How to change Siri voice in Apple’s latest iOS 14.5 update

22
Apple Siri voice assistant | iTMunch

With its latest upcoming iOS 14.5 update, Apple will be giving its users options to change Siri’s voice to your liking. This differs from the existing options, as iPadOS and iOS users can only pick between male as well as female voices for a specific region now. As part of several new additions to iOS 14.5, users can now pick amongst different voice tones from either female and male versions. If you want to know how to change Siri voice, you’ve come to the right place. In this blog, apart from talking about how to change Siri language and voice, we also talk about why this step is important in the battle of putting an end to gender stereotyping.

How to change Siri voice

For Siri in English, you can pick between a total of four voice types for male and female – 2 male and 2 female. The four voice options:

  • Voice 1: A mild-mannered male-sounding voice 
  • Voice 2: A strong, confident and certain female-sounding voice 
  • Voice 3: Just like Voice 2 but male-sounding 
  • Voice 4: The default voice of Siri that’s has been all of these years

Moreover, new users will get an option to choose between the 4 voices at the time of setting up their devices. Meaning, there won’t be a default female voice for Siri on new iPhones and iPads. Now let us look at how to change Siri voice on iPhones and iPads:

First things first: you need to make sure your device is updated to the latest iOS 14.5 version. If you want to know how to change Siri voice on iOS 13, you won’t be able to as this feature has been made available only to the latest iOS update. At present, the iOS 14.5 has been made available only to iOS beta testers. So, to be able to download it, you need to be a part of Apple’s beta program. Once you have this in place:

  1. Head over to Settings 
  2. Go to Siri & Voice 
  3. Tap on Siri Voice
  4. First, you will need to pick an accent. How to change Siri accent? Here, you’ll get an option to choose the region for the voice. If you choose ‘American’, you’ll be presented with 4 voice options
  5. To get a preview of what the voices sound like, tap on each voice option
  6. Once you’re sure, select the one you liked the most

Once you do that, your Apple device will download the voice files in the background. After the process is completed, you will be able to summon Siri on your devices and you’ll be answered by the AI voice assistant with the voice you’ve chosen.
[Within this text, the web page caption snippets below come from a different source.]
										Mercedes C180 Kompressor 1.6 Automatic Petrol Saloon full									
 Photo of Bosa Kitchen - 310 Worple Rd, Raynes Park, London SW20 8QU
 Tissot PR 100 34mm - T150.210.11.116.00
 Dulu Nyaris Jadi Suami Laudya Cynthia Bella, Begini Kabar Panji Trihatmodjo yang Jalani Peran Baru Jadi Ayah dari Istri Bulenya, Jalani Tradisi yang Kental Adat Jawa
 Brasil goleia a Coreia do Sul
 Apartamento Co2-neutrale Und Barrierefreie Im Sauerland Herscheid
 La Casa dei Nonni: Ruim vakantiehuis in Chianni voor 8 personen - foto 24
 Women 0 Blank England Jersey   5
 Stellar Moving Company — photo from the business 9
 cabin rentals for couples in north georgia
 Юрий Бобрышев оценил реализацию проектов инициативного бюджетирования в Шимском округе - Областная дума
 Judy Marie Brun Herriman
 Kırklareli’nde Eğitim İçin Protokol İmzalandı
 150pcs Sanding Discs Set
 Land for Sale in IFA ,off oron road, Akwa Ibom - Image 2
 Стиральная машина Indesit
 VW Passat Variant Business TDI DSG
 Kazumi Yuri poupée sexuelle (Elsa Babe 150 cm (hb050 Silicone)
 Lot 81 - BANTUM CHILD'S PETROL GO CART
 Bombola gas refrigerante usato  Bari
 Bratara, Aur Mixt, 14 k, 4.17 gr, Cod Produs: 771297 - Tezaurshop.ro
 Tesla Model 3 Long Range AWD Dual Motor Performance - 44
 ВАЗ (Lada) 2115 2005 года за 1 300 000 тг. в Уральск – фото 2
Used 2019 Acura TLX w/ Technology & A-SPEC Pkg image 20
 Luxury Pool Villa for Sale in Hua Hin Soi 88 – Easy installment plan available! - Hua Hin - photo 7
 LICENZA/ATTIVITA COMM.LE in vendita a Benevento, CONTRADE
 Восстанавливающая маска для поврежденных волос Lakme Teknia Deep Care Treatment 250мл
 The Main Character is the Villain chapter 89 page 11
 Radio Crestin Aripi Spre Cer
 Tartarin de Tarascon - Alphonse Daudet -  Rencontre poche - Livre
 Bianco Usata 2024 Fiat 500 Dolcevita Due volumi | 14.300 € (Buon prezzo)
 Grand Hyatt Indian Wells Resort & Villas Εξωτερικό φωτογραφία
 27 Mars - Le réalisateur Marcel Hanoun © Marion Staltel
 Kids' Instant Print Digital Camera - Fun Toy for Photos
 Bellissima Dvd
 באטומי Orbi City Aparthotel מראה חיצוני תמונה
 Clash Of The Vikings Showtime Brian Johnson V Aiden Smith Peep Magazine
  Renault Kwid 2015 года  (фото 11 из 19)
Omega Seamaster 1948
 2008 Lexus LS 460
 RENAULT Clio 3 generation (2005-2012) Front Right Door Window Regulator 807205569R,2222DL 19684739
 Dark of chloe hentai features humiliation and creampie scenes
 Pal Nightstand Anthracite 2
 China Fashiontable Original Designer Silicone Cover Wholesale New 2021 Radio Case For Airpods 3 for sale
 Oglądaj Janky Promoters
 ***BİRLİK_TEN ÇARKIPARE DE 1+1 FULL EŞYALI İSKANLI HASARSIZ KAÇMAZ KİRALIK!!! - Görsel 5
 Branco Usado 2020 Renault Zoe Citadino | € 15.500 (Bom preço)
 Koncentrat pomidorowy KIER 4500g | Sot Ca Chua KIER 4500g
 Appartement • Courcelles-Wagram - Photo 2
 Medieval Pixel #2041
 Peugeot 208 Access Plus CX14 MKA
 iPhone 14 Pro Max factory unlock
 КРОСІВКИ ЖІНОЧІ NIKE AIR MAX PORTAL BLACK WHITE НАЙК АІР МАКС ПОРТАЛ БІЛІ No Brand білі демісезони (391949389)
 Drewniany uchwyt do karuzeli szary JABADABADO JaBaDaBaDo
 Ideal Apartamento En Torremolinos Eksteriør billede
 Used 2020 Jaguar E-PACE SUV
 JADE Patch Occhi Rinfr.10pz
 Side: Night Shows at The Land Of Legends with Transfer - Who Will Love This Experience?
Now that you know how to change Siri voice, let’s get into why this decision is a key step in the battle of putting an end towards gender stereotyping. 

SEE ALSO: 64 Google Home commands you should know about

Female AI voice assistants reinforce unhealthy gender stereotypes

OK Google | iTMunch

Stereotypically, AI-powered voice assistants offered by Google (Google Assistant), Apple (Siri), Microsoft (Cortana) and Amazon (Alexa) have female voices. Many of these are not just highly feminized but also given elaborate backstories. For example, Google Assistant is designed to be the youngest daughter of a physics professor and a research librarian from Colorado with a BA in history from Northwestern University. Moreover, she’s imagined to have specified interest in kayaking and won Jeopardy Kid’s edition when she was younger.

Companies justify their decision of choosing female voices over male by citing studies indicating that people usually prefer female voices over male voices. These studies also indicate customers wanting their digital assistants to sound like women and hence, tech companies assert that they can optimize profits by opting for feminine voice assistants. What’s to be noted is that these companies have reportedly ignored a magnitude of conflicting key findings in the field. 

According to a study by the United Nations, AI-based voice assistants that mostly use default to female-sounding voices are contributing to reinforcing harmful gender stereotypes [1]. The UN report titled “I’d blush if I could” argues that by choosing female voices by default, tech companies have preconditioned users to fall back on historical, harmful perceptions of women. It also argues the justification of companies by demonstrating that women often opt for masculine voice over feminine-sounding voice when given an option. 

The report states that tech giants such as Amazon and Apple, which are staffed by overwhelmingly male-dominated engineering teams, have built Artificial Intelligence systems that cause their feminized digital assistants to greet verbal abuse with ‘catch-me-if-you-can’ flirtation. It adds that as the speech of most digital assistants is female, it signals that women are docile, eager-to-please helpers and are available at the touch of a button, at a blunt voice command like ‘OK’ or ‘Hey’. The voice assistant holds absolutely no power of agency beyond what users ask of it, has to honour whatever has been commanded and respond to queries regardless of their hostility or tone, it adds.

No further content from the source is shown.